Once we have computed WCC, we write the results back to a table for further analytics. That table will be created and overridden if it already exists.

'write': [{
    'nodeLabel': 'NODES',
    'outputTable': 'EXAMPLE_DB.DATA_SCHEMA.NODES_COMPONENTS'
  }]

Since this is the first time writing back to our example schema, we also need to consider privileges. We need to grant the CREATE TABLE privilege on the schema to the application.

Finally with all that preamble, we are ready to go!

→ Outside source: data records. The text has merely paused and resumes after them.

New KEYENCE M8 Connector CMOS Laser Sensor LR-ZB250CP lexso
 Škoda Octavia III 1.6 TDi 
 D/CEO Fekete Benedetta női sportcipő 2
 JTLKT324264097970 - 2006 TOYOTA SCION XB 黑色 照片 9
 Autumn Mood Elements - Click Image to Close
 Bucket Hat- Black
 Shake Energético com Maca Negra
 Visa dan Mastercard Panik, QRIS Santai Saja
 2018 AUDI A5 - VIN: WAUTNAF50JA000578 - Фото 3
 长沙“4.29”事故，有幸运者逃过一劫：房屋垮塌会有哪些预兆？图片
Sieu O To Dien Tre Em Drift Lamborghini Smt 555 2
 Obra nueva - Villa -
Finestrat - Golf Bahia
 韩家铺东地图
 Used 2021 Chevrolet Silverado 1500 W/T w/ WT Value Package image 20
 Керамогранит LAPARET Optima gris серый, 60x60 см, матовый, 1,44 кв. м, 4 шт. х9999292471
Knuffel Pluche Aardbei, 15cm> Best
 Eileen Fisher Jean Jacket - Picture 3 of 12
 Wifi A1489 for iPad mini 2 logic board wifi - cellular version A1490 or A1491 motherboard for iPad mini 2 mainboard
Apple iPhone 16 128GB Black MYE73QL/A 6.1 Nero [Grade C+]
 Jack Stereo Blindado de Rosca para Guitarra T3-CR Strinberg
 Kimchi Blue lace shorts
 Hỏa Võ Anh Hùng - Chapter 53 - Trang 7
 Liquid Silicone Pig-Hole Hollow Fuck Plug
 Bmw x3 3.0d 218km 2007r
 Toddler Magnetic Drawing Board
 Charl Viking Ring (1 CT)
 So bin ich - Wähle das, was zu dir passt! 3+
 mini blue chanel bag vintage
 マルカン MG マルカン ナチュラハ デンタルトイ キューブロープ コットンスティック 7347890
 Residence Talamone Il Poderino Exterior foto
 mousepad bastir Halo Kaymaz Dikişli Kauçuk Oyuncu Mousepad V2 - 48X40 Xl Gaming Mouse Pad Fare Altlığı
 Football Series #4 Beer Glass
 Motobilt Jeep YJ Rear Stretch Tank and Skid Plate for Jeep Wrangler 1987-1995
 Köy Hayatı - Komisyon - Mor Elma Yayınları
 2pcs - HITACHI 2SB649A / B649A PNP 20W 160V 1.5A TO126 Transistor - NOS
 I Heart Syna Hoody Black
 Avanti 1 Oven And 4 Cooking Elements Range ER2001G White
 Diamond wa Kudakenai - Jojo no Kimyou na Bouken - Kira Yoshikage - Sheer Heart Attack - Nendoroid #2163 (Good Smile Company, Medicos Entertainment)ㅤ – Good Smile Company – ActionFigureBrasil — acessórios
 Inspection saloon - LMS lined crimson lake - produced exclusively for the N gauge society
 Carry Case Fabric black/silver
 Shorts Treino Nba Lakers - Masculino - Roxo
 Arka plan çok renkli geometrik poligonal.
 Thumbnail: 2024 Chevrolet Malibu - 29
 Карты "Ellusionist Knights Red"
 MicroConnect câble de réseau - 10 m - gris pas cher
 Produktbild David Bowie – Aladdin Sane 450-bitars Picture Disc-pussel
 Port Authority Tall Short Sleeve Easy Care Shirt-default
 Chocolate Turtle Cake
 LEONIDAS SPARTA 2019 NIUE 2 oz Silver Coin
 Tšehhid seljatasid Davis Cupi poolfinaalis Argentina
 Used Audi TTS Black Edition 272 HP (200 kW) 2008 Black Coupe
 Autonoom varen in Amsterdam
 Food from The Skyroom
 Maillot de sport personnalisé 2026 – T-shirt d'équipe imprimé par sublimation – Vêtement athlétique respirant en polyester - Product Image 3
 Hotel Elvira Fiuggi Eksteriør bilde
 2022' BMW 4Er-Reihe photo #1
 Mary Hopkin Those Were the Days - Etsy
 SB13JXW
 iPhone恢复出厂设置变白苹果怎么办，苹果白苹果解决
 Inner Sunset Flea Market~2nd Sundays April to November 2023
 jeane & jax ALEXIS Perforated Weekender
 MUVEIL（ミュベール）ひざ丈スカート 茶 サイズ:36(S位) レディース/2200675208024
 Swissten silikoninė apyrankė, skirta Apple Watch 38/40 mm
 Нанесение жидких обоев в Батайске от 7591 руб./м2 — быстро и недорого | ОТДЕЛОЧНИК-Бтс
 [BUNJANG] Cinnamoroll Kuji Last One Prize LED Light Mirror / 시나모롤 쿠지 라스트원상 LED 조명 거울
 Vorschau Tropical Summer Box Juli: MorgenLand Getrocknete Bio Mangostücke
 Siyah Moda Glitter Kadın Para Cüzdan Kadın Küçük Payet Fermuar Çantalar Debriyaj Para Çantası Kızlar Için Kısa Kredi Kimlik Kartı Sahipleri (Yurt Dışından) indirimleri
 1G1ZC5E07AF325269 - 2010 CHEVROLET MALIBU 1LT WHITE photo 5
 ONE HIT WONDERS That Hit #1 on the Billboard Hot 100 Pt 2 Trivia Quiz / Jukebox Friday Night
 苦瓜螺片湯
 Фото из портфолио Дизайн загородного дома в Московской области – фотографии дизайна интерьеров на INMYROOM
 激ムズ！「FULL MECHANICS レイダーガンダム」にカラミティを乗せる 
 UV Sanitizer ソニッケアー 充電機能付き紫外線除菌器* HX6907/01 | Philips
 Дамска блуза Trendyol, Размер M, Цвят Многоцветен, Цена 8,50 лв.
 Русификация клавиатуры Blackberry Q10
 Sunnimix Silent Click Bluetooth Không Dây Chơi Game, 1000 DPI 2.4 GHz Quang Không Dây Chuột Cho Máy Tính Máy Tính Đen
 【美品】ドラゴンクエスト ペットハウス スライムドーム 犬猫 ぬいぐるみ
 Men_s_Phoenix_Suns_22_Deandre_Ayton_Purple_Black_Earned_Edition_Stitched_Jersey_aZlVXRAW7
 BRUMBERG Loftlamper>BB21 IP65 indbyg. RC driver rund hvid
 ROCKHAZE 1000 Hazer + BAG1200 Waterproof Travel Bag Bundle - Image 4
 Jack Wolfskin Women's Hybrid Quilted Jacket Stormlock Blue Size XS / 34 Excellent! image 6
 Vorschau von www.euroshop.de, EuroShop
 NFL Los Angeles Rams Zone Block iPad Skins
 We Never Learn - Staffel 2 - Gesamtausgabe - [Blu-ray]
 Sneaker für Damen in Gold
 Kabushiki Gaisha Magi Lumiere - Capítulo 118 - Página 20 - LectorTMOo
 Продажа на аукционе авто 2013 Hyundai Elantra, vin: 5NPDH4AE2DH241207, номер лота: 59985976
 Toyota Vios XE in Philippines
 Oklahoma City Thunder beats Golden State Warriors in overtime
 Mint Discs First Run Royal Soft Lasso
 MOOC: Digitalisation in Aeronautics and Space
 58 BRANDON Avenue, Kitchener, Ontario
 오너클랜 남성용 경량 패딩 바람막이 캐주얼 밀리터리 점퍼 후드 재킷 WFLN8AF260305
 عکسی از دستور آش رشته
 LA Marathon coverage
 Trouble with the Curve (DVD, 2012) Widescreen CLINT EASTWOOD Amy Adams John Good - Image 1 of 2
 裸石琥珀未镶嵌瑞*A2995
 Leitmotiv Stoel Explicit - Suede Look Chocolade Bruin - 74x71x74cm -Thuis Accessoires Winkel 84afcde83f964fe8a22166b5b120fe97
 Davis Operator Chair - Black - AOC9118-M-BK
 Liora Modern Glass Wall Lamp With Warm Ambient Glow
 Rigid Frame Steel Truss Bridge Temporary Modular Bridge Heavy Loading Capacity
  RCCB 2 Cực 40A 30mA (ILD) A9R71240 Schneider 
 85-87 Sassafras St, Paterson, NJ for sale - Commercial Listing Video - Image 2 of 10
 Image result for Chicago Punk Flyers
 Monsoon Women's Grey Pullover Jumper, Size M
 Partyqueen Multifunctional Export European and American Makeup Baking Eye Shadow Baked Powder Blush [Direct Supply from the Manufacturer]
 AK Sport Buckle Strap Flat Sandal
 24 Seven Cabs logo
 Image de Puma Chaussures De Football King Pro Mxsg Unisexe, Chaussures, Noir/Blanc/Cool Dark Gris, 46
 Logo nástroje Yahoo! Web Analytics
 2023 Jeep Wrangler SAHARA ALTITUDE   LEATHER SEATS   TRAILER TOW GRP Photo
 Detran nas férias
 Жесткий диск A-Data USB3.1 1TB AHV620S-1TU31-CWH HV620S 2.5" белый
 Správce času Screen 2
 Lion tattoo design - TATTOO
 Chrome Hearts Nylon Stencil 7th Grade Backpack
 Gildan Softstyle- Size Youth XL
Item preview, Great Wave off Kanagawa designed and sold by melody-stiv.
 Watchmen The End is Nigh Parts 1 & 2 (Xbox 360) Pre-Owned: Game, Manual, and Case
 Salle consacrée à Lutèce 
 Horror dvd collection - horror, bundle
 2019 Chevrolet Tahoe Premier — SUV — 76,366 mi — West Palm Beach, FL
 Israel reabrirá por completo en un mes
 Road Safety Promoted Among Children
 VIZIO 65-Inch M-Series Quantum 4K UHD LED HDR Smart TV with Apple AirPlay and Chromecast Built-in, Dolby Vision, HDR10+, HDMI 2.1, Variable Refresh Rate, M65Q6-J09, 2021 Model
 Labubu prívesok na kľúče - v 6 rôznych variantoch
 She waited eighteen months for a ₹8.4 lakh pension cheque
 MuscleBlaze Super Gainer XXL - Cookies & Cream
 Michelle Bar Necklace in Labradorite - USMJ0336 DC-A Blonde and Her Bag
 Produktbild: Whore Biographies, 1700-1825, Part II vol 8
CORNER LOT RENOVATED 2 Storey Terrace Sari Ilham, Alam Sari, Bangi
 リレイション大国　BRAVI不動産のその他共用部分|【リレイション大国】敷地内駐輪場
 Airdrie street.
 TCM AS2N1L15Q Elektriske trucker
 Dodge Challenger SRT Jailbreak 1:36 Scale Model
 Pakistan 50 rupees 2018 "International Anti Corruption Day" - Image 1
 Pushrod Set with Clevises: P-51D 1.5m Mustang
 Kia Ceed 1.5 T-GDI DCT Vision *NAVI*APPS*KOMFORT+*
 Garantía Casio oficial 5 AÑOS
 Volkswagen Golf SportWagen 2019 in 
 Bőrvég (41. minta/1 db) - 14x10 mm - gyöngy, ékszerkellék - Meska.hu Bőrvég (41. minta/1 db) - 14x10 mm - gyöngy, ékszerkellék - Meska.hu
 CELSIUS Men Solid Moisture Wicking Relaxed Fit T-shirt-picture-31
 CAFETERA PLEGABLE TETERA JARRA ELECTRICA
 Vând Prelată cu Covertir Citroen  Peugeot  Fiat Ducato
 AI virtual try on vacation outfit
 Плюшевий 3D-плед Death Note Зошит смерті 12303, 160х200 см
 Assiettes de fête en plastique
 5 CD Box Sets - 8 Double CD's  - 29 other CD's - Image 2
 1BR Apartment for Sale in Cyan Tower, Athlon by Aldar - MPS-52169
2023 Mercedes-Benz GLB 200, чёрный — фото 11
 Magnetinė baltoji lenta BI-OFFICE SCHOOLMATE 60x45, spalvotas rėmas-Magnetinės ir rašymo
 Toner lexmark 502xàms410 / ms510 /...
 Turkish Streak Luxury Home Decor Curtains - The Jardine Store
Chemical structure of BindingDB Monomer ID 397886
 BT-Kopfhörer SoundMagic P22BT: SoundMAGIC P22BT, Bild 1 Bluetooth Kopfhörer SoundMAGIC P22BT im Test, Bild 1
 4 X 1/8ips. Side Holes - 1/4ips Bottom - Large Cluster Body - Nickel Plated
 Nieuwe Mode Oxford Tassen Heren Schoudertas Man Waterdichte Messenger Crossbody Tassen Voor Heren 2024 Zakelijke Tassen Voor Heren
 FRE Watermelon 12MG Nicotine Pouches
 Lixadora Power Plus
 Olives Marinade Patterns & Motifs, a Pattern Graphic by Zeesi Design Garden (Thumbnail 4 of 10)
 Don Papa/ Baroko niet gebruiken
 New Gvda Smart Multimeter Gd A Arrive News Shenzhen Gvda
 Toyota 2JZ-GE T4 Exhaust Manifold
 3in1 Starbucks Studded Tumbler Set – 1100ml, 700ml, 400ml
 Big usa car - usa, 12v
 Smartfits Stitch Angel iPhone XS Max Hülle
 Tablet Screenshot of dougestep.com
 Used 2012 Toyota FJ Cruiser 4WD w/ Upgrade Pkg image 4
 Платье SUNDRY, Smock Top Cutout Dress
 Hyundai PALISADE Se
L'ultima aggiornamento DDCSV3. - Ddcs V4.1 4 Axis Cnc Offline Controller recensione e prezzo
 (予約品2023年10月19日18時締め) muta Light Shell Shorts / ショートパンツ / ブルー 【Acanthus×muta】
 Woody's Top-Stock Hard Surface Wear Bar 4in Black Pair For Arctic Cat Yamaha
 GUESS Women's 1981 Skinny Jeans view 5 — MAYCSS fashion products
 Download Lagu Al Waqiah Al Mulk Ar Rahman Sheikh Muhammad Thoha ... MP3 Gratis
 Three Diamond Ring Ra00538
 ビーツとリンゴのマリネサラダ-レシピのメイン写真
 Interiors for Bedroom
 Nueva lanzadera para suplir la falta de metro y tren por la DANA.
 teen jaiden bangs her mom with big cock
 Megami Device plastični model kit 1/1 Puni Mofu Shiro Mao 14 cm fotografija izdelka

CALL Neo4j_Graph_Analytics.graph.wcc('CPU_X64_XS', {
    'project': {
        'nodeTables': ['EXAMPLE_DB.DATA_SCHEMA.NODES'],
        'relationshipTables': {
            'EXAMPLE_DB.DATA_SCHEMA.RELATIONSHIPS': {
                'sourceTable': 'EXAMPLE_DB.DATA_SCHEMA.NODES',
                'targetTable': 'EXAMPLE_DB.DATA_SCHEMA.NODES',
                'orientation': 'NATURAL'
            }
        }
    },
    'compute': { 'consecutiveIds': true },
    'write': [{
        'nodeLabel': 'NODES',
        'outputTable': 'EXAMPLE_DB.DATA_SCHEMA.NODES_COMPONENTS'
    }]
});

Please note that we could have called USE DATABASE Neo4j_Graph_Analytics followed by CALL graph.wcc(…​) to avoid the fully qualified name.

Once this query ran, we can select the components from the table.

SELECT * FROM EXAMPLE_DB.DATA_SCHEMA.NODES_COMPONENTS;

This will list the component for each node. We can see that the graph consists of two separate components, each containing three nodes.

NODE	VALUE
1	0
2	0
3	0
4	1
5	1
6	1

Most algorithms produce node property results. Some algorithms, like KNN and Node Similarity, produce relationship results. These specific variants will be covered in the algorithms catalogue.

Now results have been written back to your end, and you can inspect and further process them - for example by feeding them into another Neo4j Graph Analytics algorithm.